FBY – All POS Rollout

Release Date: 16 February 2026


Release Scope

This release extends the F&B Yield (FBY) Server Leaderboard beyond the initial MVP implementation, which was Toast-only, to support additional POS systems.

The underlying metric, benchmark logic, and interpretation principles remain unchanged, ensuring consistency of performance measurement across POS platforms while enabling broader portfolio adoption.


Purpose & Scope

The FBY Server Leaderboard is a performance and coaching metric designed to measure how effectively servers generate revenue per guest, normalized against each outlet’s menu pricing.

By anchoring performance to the average entrée price, FBY enables fair, comparable insights across:

  • Different POS systems
  • Different restaurant concepts
  • Different price points
  • Different locations and meal periods

This release makes FBY available across supported POS integrations, maintaining a consistent methodology regardless of source system.


Core Metric Definition

FBY (%) represents the revenue a server generates per guest as a multiple of the outlet’s average entrée price.

Example

  • Average entrée price: $35
  • Server revenue per guest: $87.50
  • FBY = 250%

This normalization avoids distortions caused by raw check averages or outlet-level averages and allows meaningful cross-location and cross-concept comparison.


Why Benchmarks Exceed 100%

A 100% FBY would indicate that guests only purchased one entrée.
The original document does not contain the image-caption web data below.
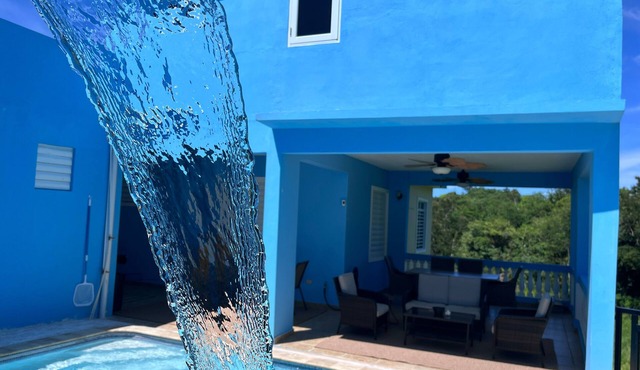 2 Bedroom Private Home with Gorgeous Views and Pool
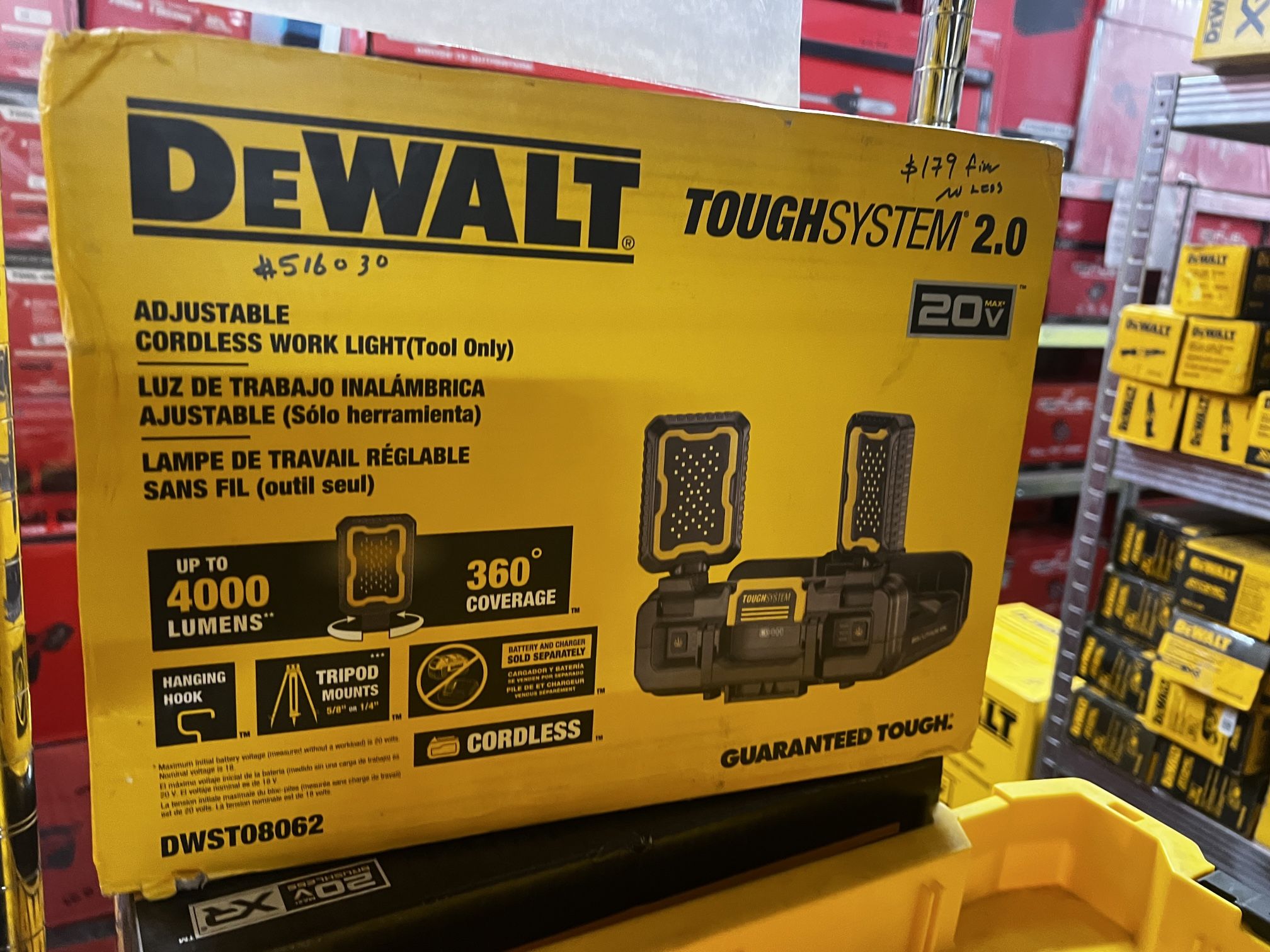 DEWALT Tough System Flex Volt 20V/60V Cordless 4000 Lumen LED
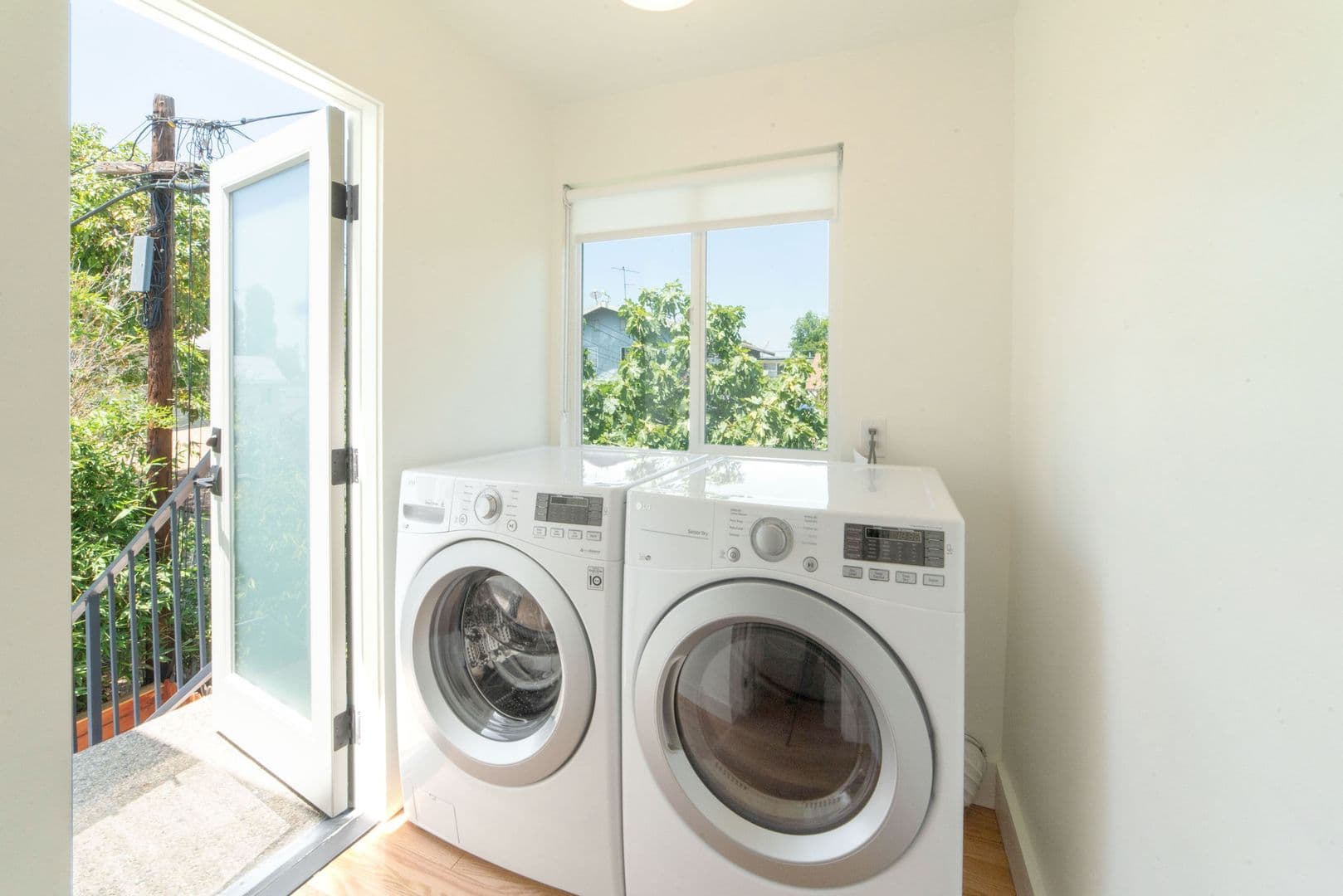 Los Angeles Condo: 2215 Elsinore St.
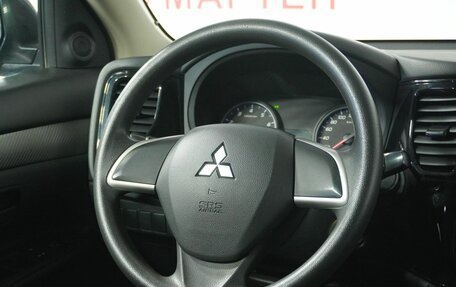 Mitsubishi Outlander III рестайлинг 3, 2013 год, 1 297 000 рублей, 16 фотография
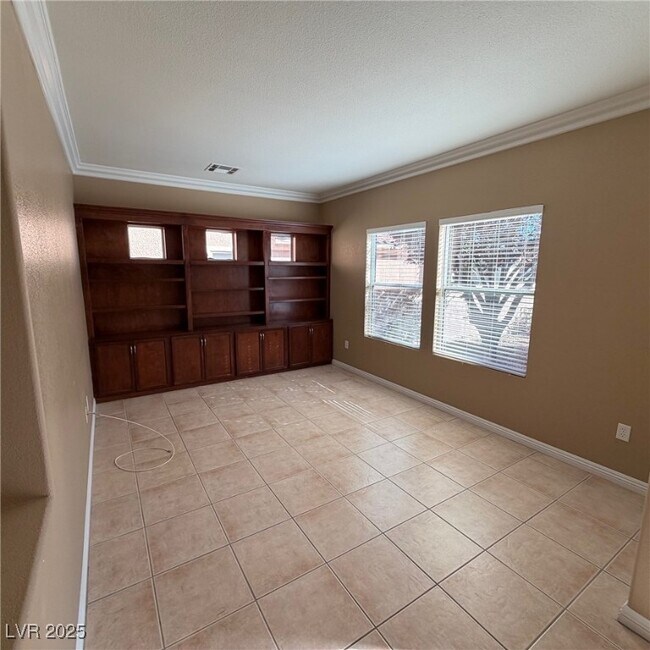 Building Photo - 10248 Santo Nina Ct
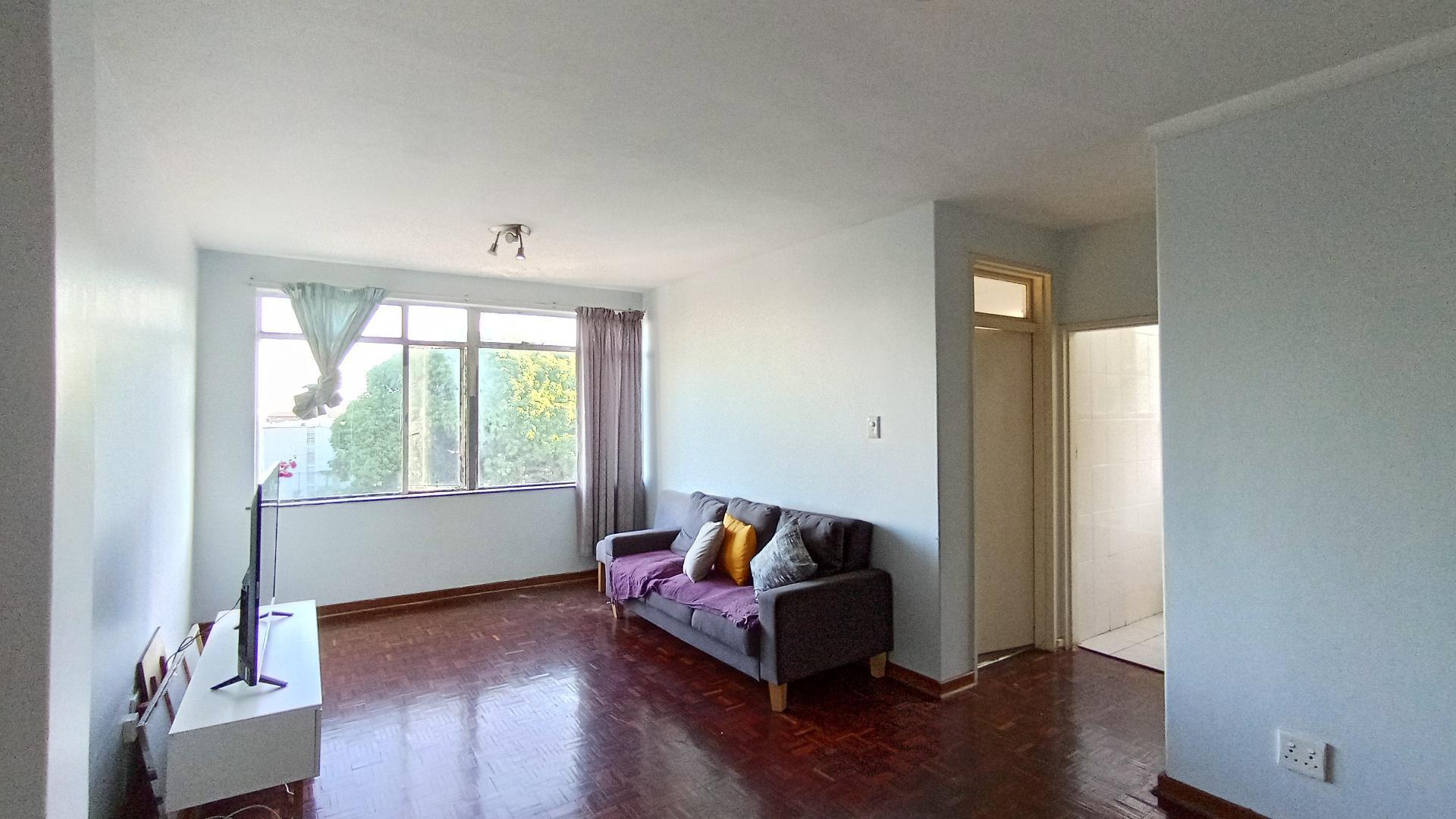 Lounges - 23 square meters of property in Essenwood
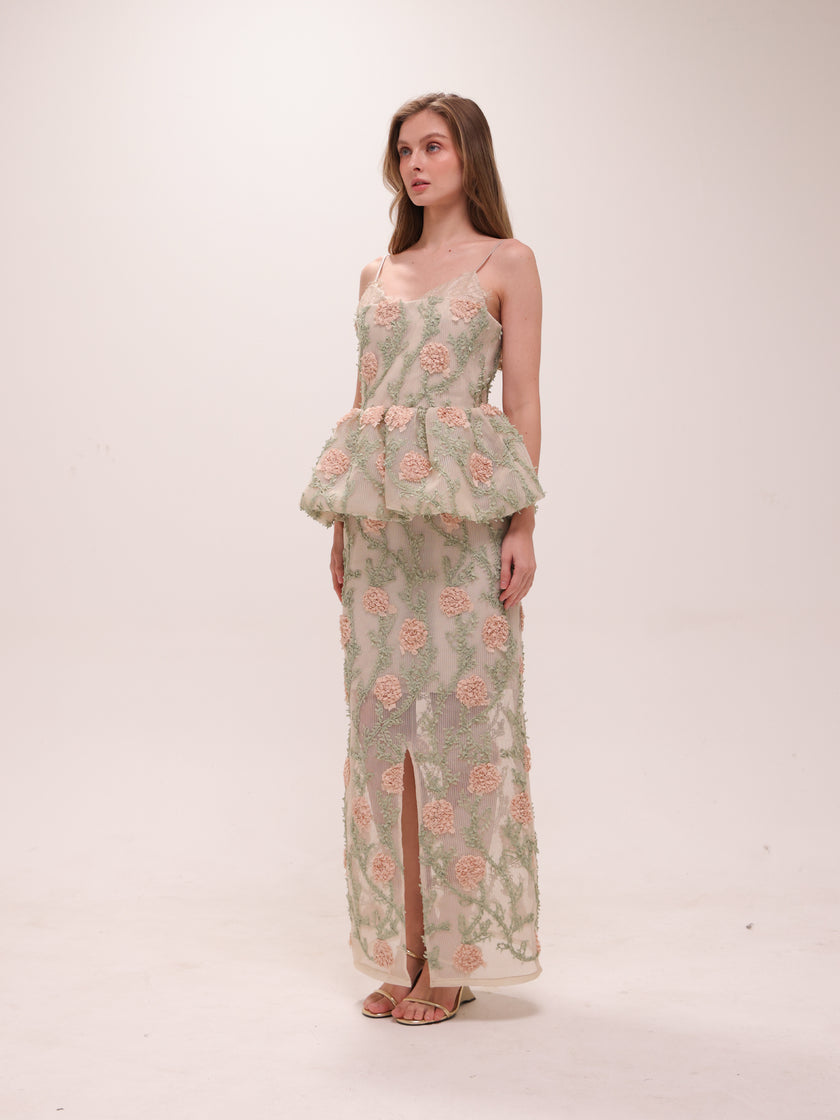 Gardenia Embroidered Set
In real dining scenarios, guests also purchase beverages, appetizers, desserts, and add-ons.

High-performing servers typically generate 2–3× the entrée value per guest, which is why realistic benchmarks commonly fall between 200–300%, depending on the meal period.


Benchmark Methodology (Top 20%)

Benchmarks are data-driven and outlet-specific.

  • Servers are ranked by FBY for a selected:

    • Date range
    • Meal period
  • The top 20% of performers are averaged using a weighted calculation to produce the benchmark.
  • Benchmarks are calculated separately per meal period (breakfast, lunch, dinner) to reflect different guest behaviors.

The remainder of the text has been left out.